We need to choose a set of transformed variables that will take on constant values at the edges of the "faces" of the enclosed volume, so that we can have numerical limits of integration in the calculation. Since there is a coefficient in each of the surface equations, we can plan our transformations around those numbers.
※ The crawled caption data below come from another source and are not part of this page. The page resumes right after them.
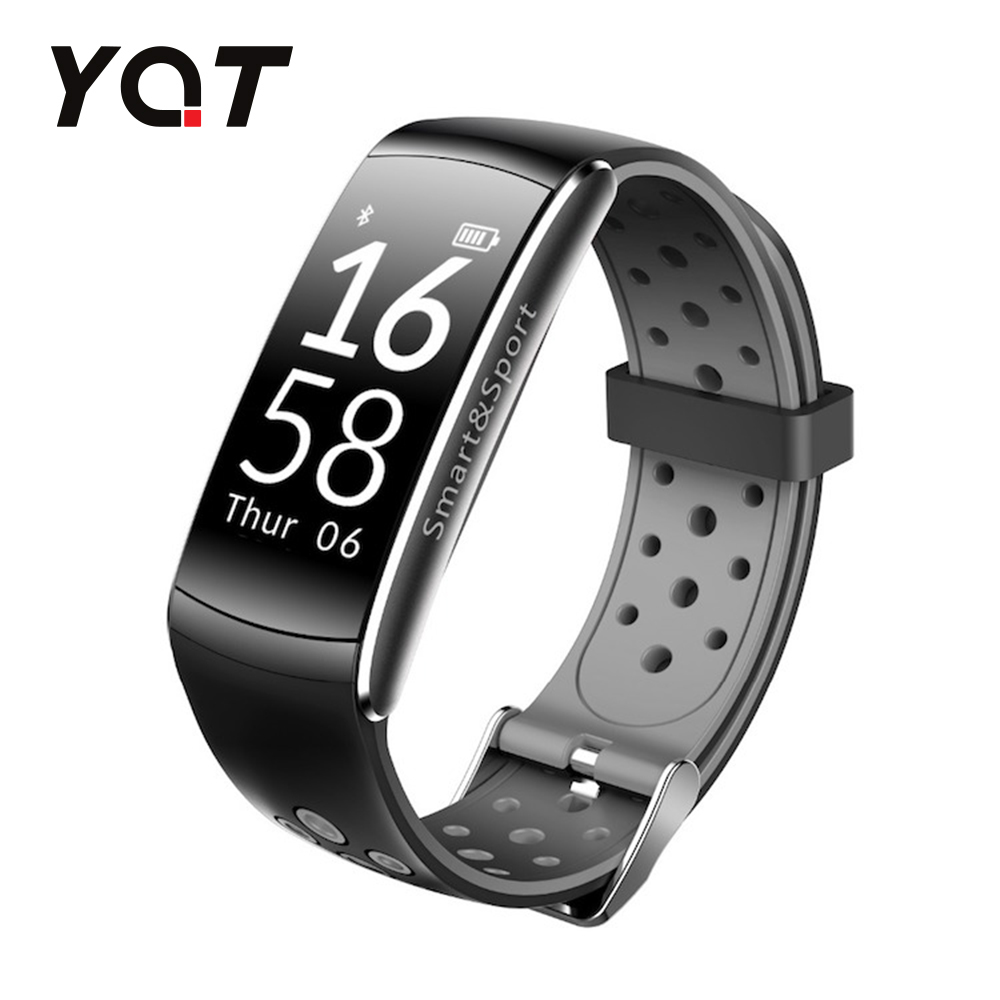 Bratara fitness inteligenta YQT Q8 cu functie de monitorizare ritm cardiac, Tensiune arteriala, Monitorizare somn, Pedometru, Notificari, Negru &#8211; Gri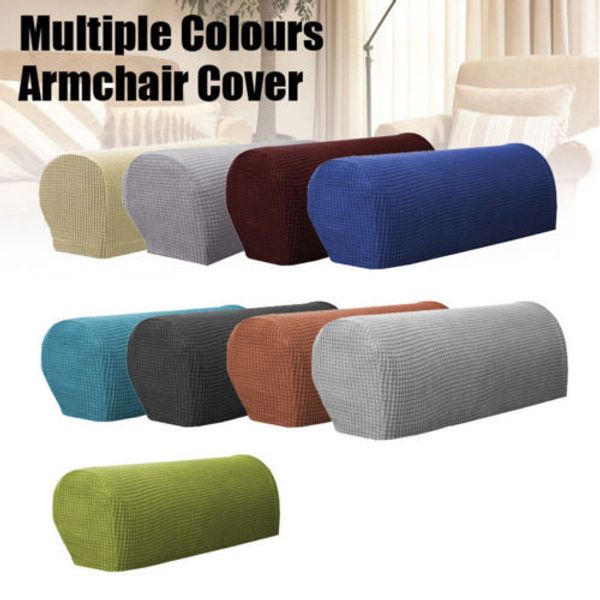 

2019 new style 1 pair removable arm stretch sofa couch chair protector armchair covers armrest sofa cover solid couch cover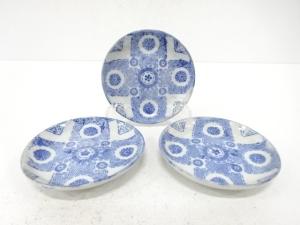 古伊万里　印判手　花　小皿　3客揃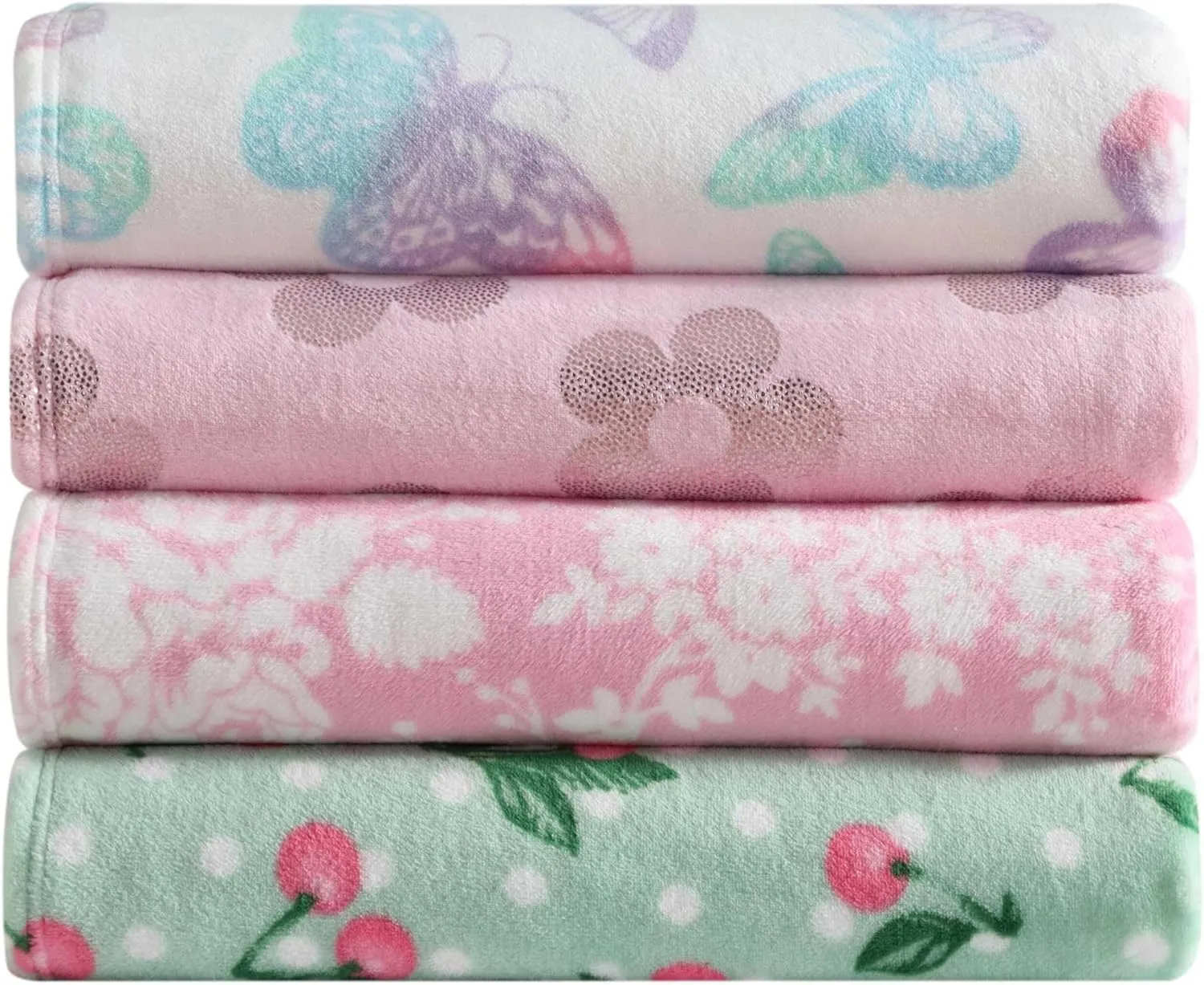 Betsey Johnson - Throw, Ultra-Soft Plush Blanket, Ideal for Couch, Bed, or Lounges (Cherry Dots Green, 50" x 70")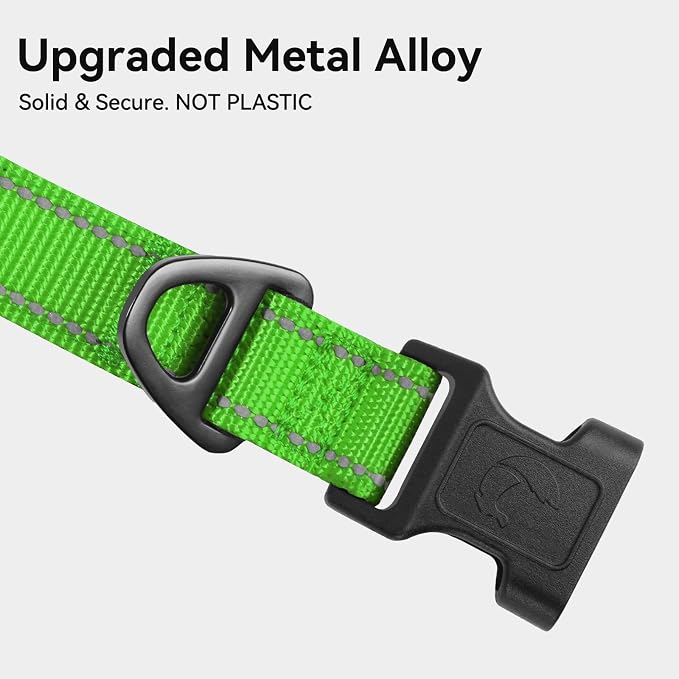 Joytale Reflective Dog Collar, Adjustable Neoprene Padded, Green S | Breathable Nylon for Small Dogs, No Chafing on Daily Walks and Training, Gentle on Neck, Secure Metal D-Ring, Night Safety - Image 3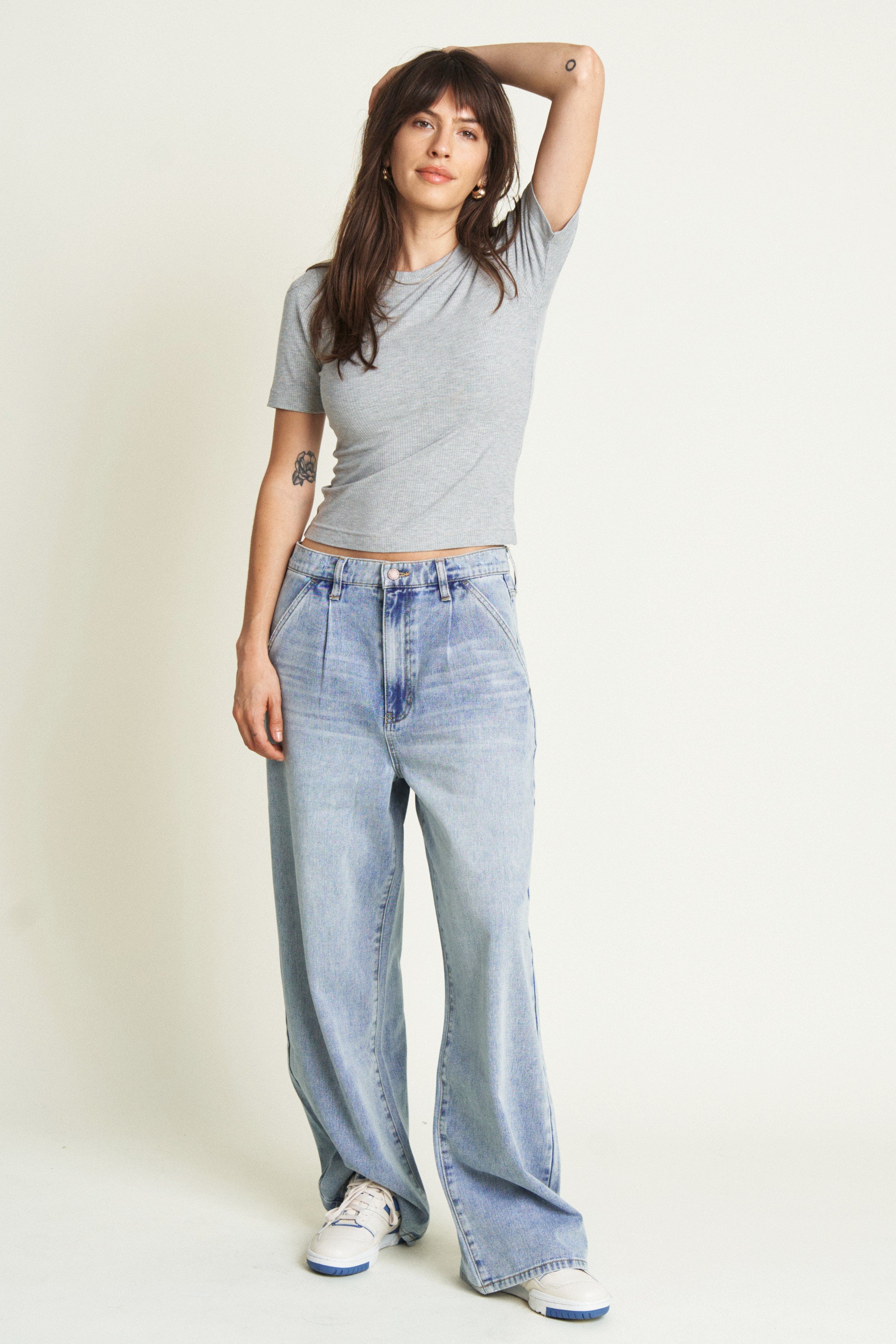 Thompson Low Slung Trouser - Light Indigo Worn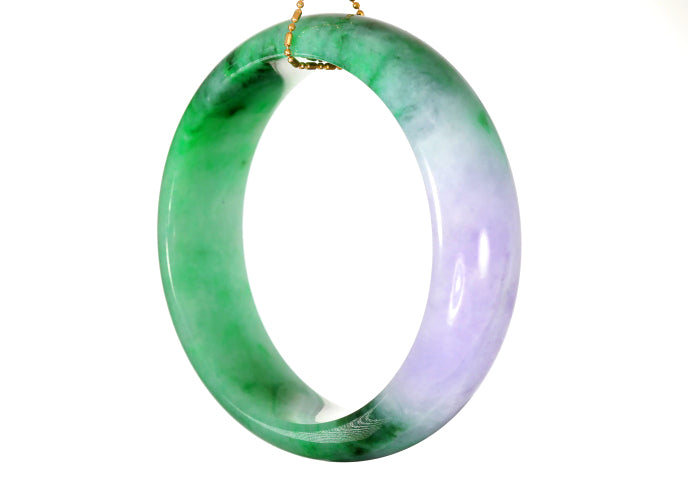 Lavender and Green Jadeite Bangle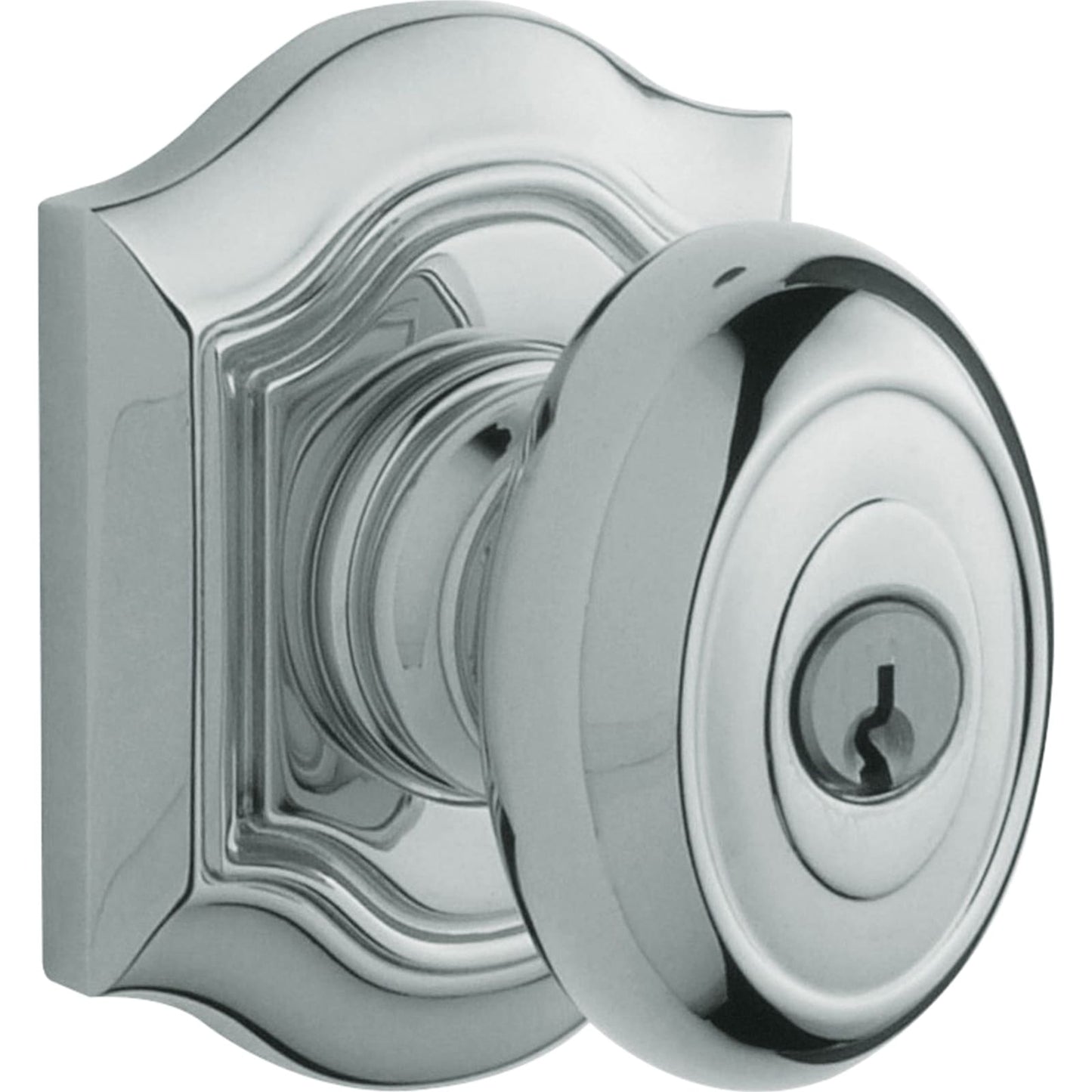 Baldwin Estate 5237 Bethpage Keyed Knob in Polished Chrome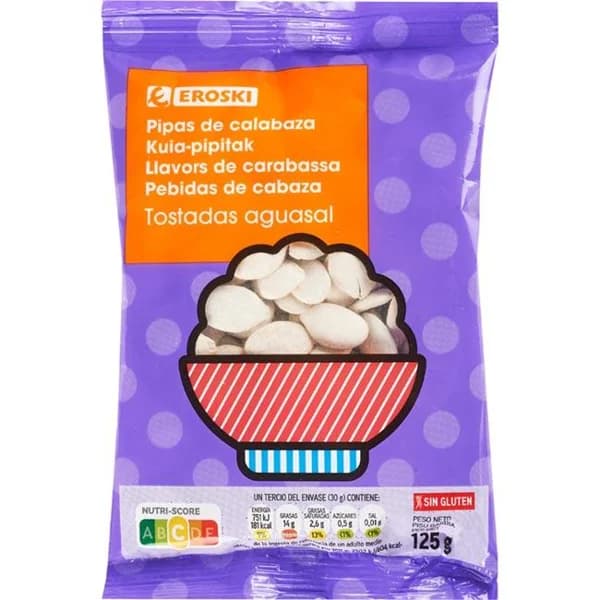 Pipa de calabaza aguasal EROSKI, bolsa 125 g - 0.13 kg - Imagen del producto en Findit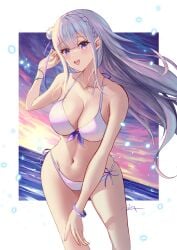 1girls arerex belly cleavage elf elf_ears elf_female emilia_(re:zero) large_breasts purple_eyes re:zero_kara_hajimeru_isekai_seikatsu silver_hair solo standing swimsuit thighs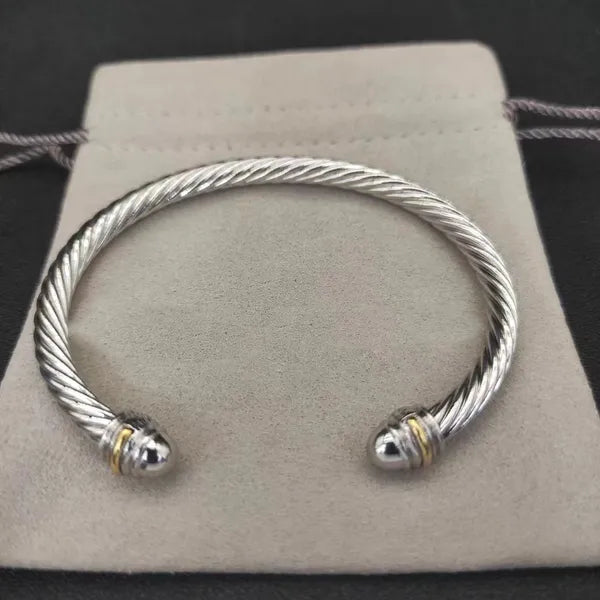 DY bracelet designer cable bracelets fashion jewelry for women men gold silver Pearl head cross bangle Bracelet open cuff dy jewelry man party christmas gift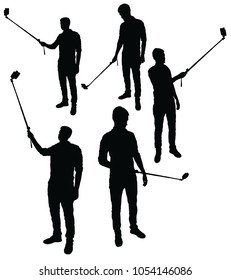 Man taking selfie monopod with mobile phone picture vector silhouette illustration isolated with background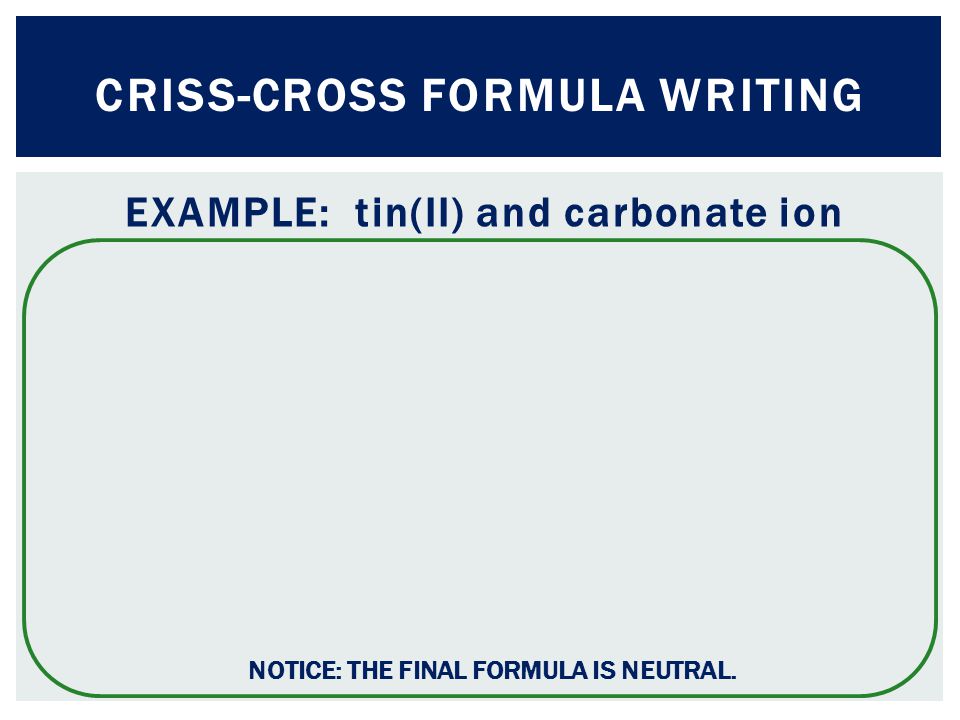 EXAMPLE: tin(II) and carbonate ion CRISS-CROSS FORMULA WRITING NOTICE: THE FINAL FORMULA IS NEUTRAL.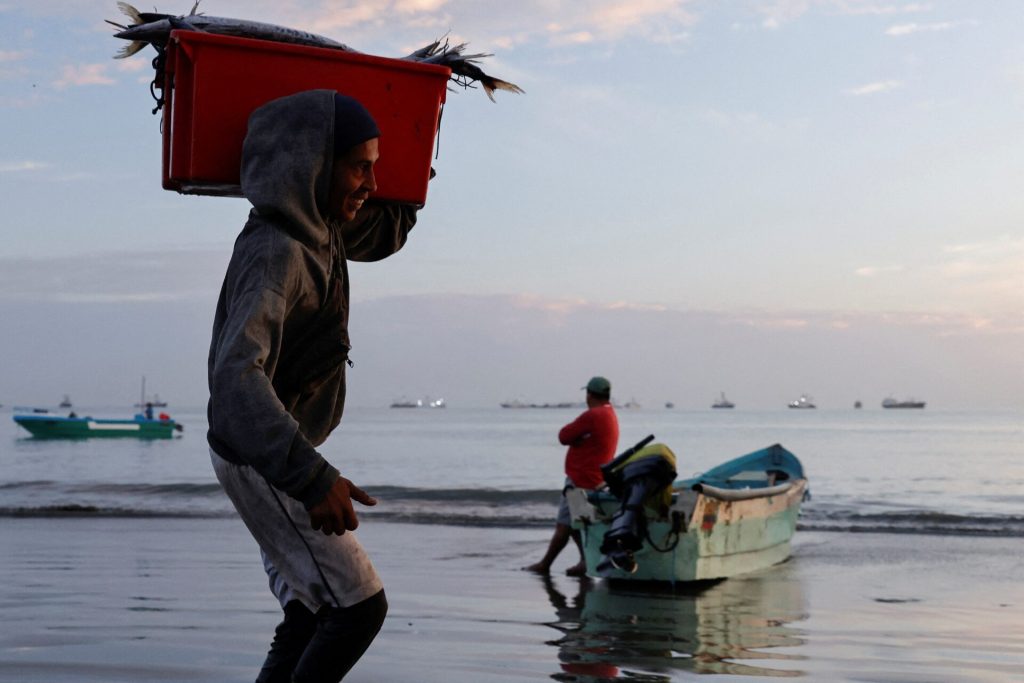 Fishermen unload their fresh catch near a market as local fishermen are increasingly being pursued by Ecuadorean gangs to move drugs and for their skills navigating the Pacific waters along Ecuador's coast, which has become a hub for the international smuggling of narcotics over the last half-decade, in Manta, Ecuador, June 4, 2026. REUTERS/Karen Toro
If we choose the variables
$$ u \ = \ \frac{x^2}{z} \ \ , \ \ v \ = \ \frac{y^2}{x} \ \ , \ \ w \ = \ \frac{z^2}{y} \ \ , $$
we find (after some computation) that all of the "edges" of the region lie on the lines $ \ u \ = \ 1 \ , $ $ u \ = \ 2 \ , \ v \ = \ 1 \ , \ v \ = \ 2 \ , \ w \ = \ 1 \ , \ \ \text{and} \ \ \ w \ = \ 2 \ $ . These will serve as the integration limits for the three transformed variables; these choices present no difficulties as none of the coordinate variables can be zero in this region. [This is along the lines of what ELEC was pursuing.]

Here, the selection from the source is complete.